[BUG] Evaulate and update all generation fields in SegmentCommitInfo during primary promotion

dreamer-89 commented 1 year ago

Coming from https://github.com/opensearch-project/OpenSearch/pull/4365#issuecomment-1371087457, we need to relook into different SegmentCommitInfo generations and update if needed. As part of this bug, identify use of different generation fields in SegmentCommitInfo and possibly bump them as well.

Poojita-Raj commented 1 year ago

Looking into it

mhoffm-aiven commented 1 year ago

Hey, im not sure if its related but i have been running an experiment using segment replication using an opensearch 2.4.1 cluster with 9 nodes:

OpenSearchException[Segment Replication failed]; nested: IllegalStateException[Shard [opensearch_segment_replication_test_index-2023-01-26][40] has local copies of segments that differ from the primary]

I started facing it after adding 6 nodes to the cluster ( to have 15 in total ) and restarting the opensearch processes on all nodes to add some static configuration. Since then the cluster has been performing relocations and failing due to this error i suppose. All of this was performed under production load.

dreamer-89 commented 1 year ago

Hey, im not sure if its related but i have been running an experiment using segment replication using an opensearch 2.4.1 cluster with 9 nodes:
OpenSearchException[Segment Replication failed]; nested: IllegalStateException[Shard [opensearch_segment_replication_test_index-2023-01-26][40] has local copies of segments that differ from the primary]
I started facing it after adding 6 nodes to the cluster ( to have 15 in total ) and restarting the opensearch processes on all nodes to add some static configuration. Since then the cluster has been performing relocations and failing due to this error i suppose. All of this was performed under production load.

Thank you @mhoffm-aiven for sharing this issue. This is really important to make the feature more robust when tested under production workload.

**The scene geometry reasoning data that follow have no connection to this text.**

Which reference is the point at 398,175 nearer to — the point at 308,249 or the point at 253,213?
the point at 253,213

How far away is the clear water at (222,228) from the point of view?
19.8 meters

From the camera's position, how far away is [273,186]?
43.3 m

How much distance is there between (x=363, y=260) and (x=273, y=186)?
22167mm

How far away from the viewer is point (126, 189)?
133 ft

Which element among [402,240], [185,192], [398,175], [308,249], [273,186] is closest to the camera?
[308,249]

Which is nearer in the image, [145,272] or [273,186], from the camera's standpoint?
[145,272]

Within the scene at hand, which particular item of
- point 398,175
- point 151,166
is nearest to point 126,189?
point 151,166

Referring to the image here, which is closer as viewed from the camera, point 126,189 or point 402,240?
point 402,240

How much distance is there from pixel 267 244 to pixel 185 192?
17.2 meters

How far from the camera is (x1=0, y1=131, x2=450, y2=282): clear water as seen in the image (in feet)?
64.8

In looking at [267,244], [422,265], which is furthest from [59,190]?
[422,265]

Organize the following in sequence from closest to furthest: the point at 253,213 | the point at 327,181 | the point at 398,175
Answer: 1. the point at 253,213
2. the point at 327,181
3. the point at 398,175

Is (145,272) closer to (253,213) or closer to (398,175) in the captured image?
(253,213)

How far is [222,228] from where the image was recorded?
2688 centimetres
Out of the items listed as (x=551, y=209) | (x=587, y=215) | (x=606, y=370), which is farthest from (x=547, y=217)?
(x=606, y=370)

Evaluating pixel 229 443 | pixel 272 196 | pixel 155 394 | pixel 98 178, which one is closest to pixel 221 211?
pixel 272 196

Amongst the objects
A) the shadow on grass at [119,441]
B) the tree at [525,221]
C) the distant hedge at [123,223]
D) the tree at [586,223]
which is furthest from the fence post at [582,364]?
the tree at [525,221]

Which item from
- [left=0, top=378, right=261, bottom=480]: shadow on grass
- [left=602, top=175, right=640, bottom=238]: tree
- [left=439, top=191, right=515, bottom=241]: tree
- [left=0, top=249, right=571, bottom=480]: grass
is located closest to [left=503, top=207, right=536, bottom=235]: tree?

So, thank you again!

In order to repro this issue, can you please share the cluster configuration, index settings and type of operations (index/update/delete), workload size.

mhoffm-aiven commented 1 year ago

Hey @dreamer-89,

sorry i already deleted the cluster, from memory though, cluster configuration that was different from our default was

cluster.routing.allocation.cluster_concurrent_rebalance = 16

the indexes were created using this template

PUT /_index_templates/segment_replication_test
{
  "index_patterns": [
    "opensearch_segment_replication_test_index*"
  ],
  "template": {
    "settings": {
      "replication.type": "SEGMENT"
    }
  }
}

using these settings

    "settings": {
        "index": {
            "refresh_interval": "5s",
            "sort.field": "timestamp",
            "sort.order": "asc",
        },
        "number_of_replicas": 1,
        "number_of_shards": 52,
     },

I noticed that the service was relocating shards constantly after adding 6 nodes and restarting the cluster by accident ( i mistakenly configured cluster.routing.allocation.cluster_concurrent_rebalance with static config ). Checking after a while (2 days) why its not done relocating i saw that this bug happened pretty close to messing with the cluster by adding nodes and restarting.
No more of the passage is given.